▶ DATA FOR THIS EXERCISE

• • •

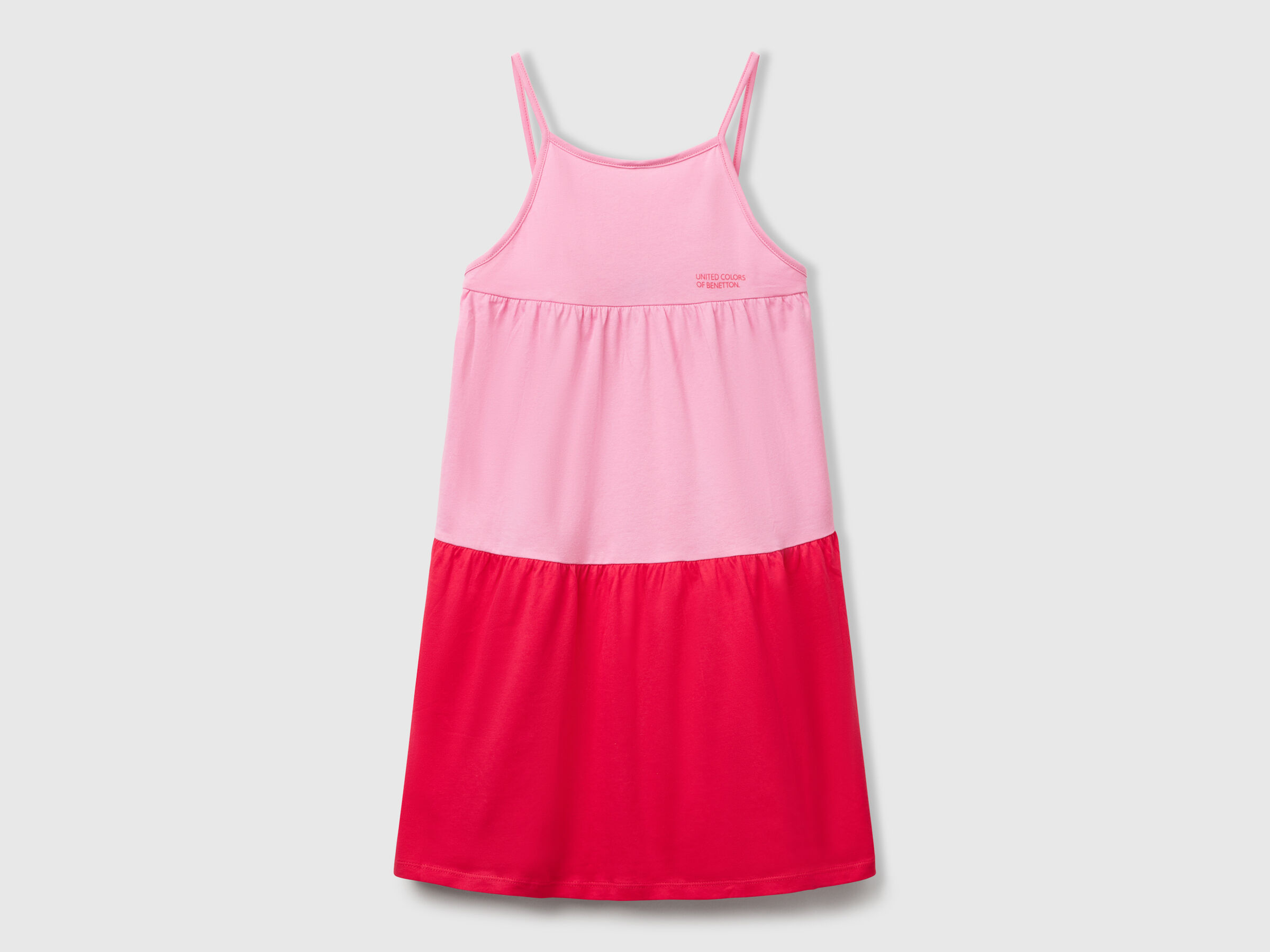 Robe ample à volant
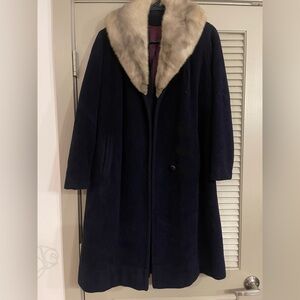 Vintage 1950s Wool coat with Fur Collar Large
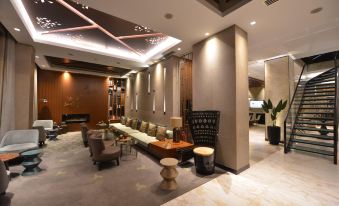 Waxwing Hotel
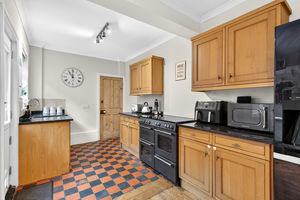 Photo 16- click for photo gallery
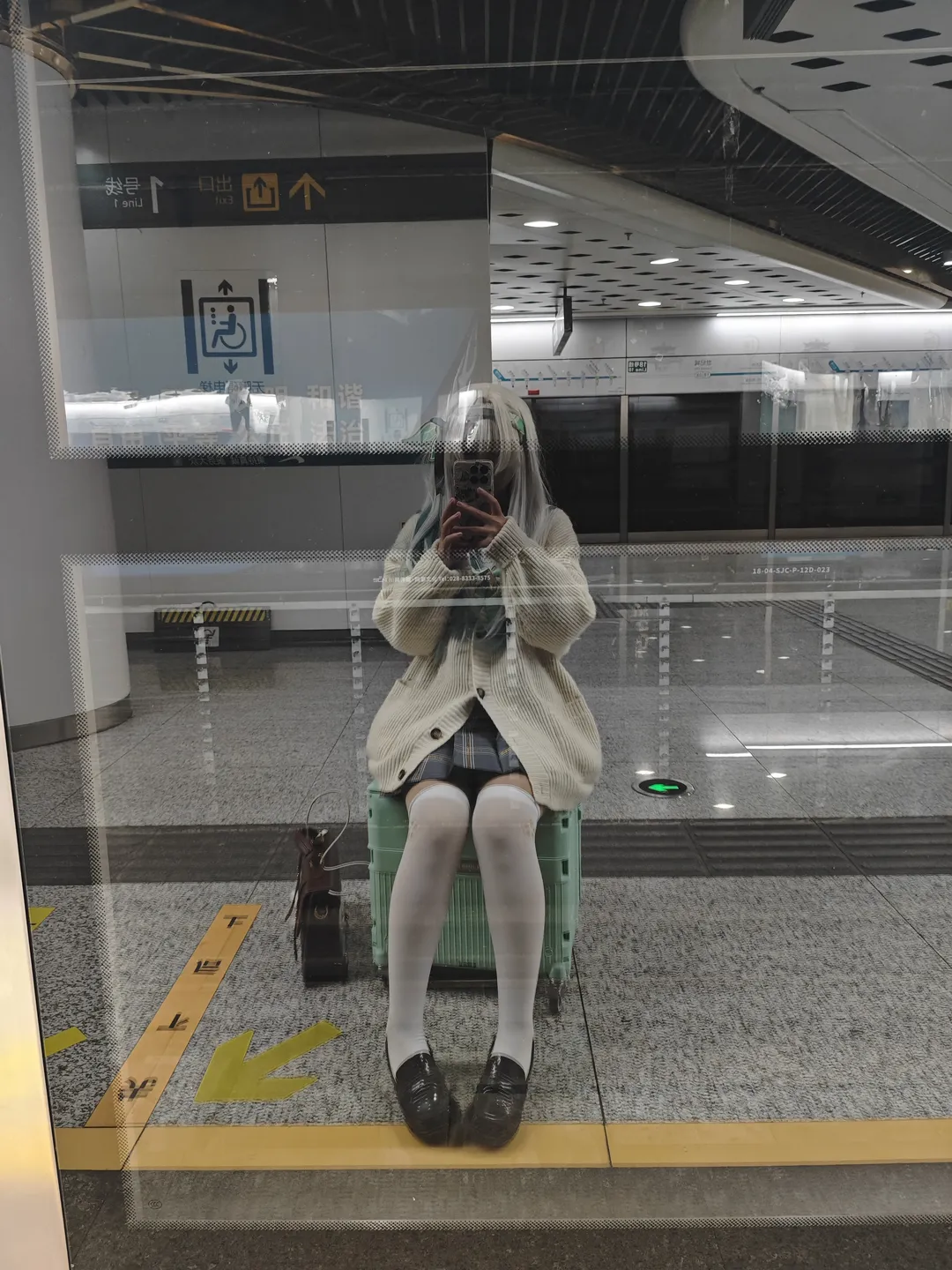 Honkai: Star Rail, Convention photos, Firefly cosplay, Spring Missive, White thigh-highs outfit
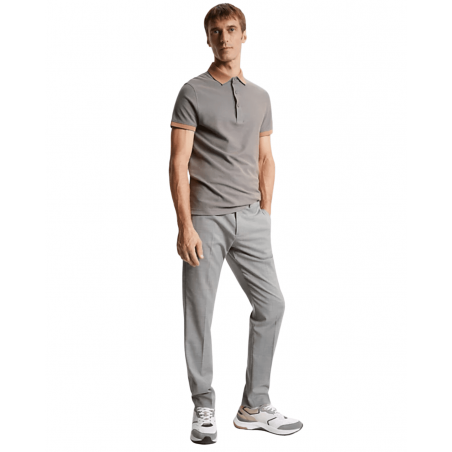 achat Pantalon fuselé Tommy Hilfiger Homme HAMPTON TRAVEL Gris tenue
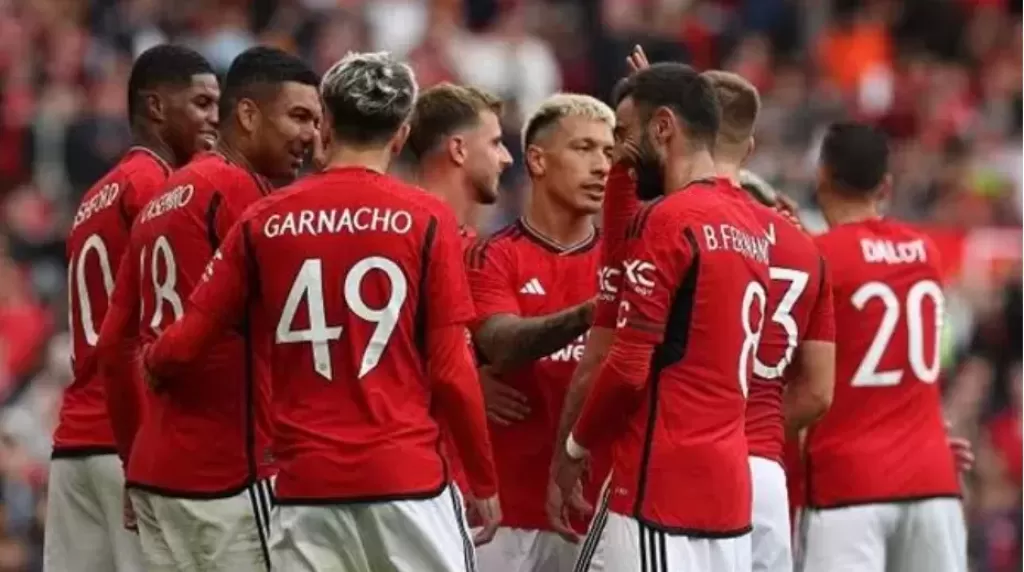 السعودية ستتوج بالبطولة!! اسطورة مانشستر يونايتد ينهي الجدل ويتوقع بطل خليجي 26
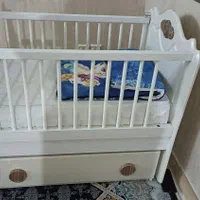 تخت خواب چوبی گهواره ای نوزاد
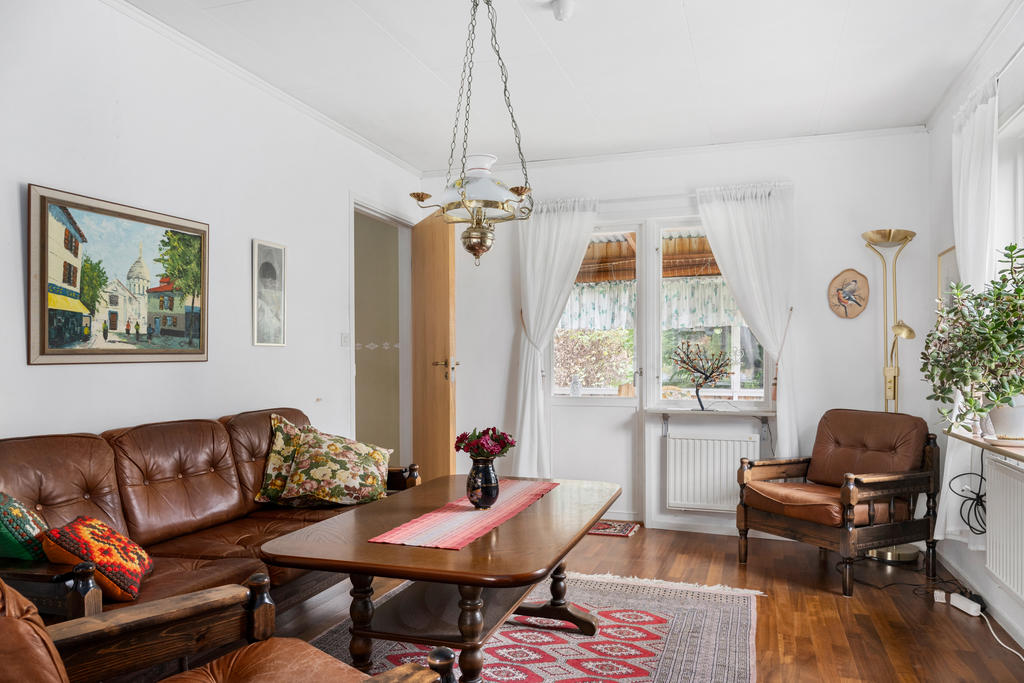 Vardagsrummet med utgång till den inglasade altanen.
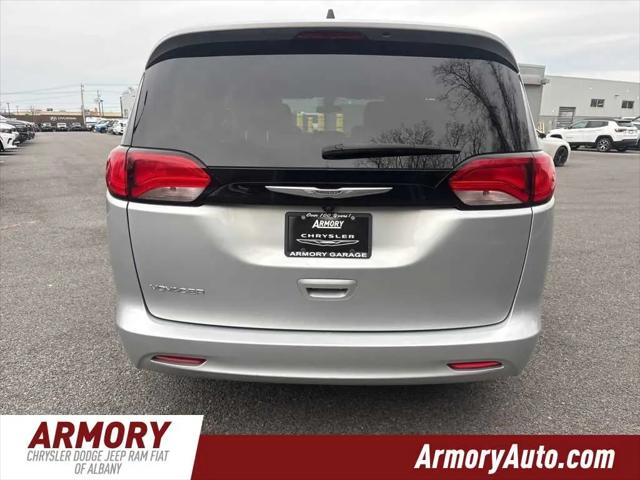 2022 Chrysler Voyager LX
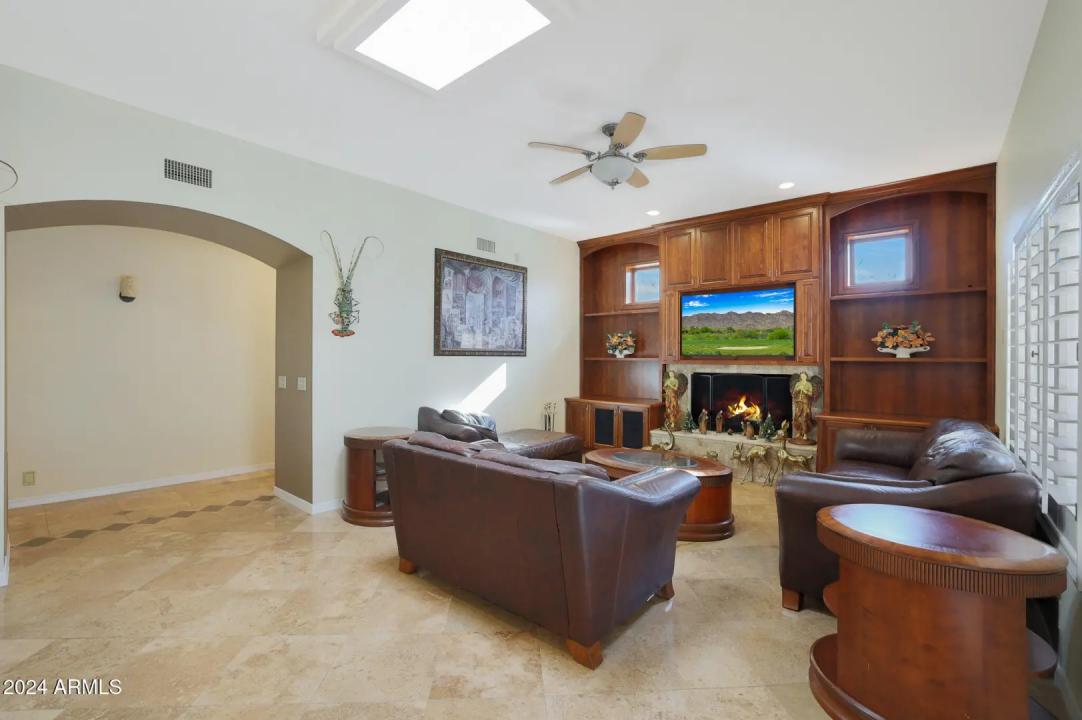 Real Estate Picture 28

• • •

▶ WHAT IS EXPECTED
Return all records above verbatim without their pictures.

▶ COMPLETED EXERCISE
 Robe ample à volant
 Vintage 1950s Wool coat with Fur Collar Large
 Waxwing Hotel
 Photo 16- click for photo gallery
 Honkai: Star Rail, Convention photos, Firefly cosplay, Spring Missive, White thigh-highs outfit
 achat Pantalon fuselé Tommy Hilfiger Homme HAMPTON TRAVEL Gris tenue
 السعودية ستتوج بالبطولة!! اسطورة مانشستر يونايتد ينهي الجدل ويتوقع بطل خليجي 26
 تخت خواب چوبی گهواره ای نوزاد
 Vardagsrummet med utgång till den inglasade altanen.
 2022 Chrysler Voyager LX
 Real Estate Picture 28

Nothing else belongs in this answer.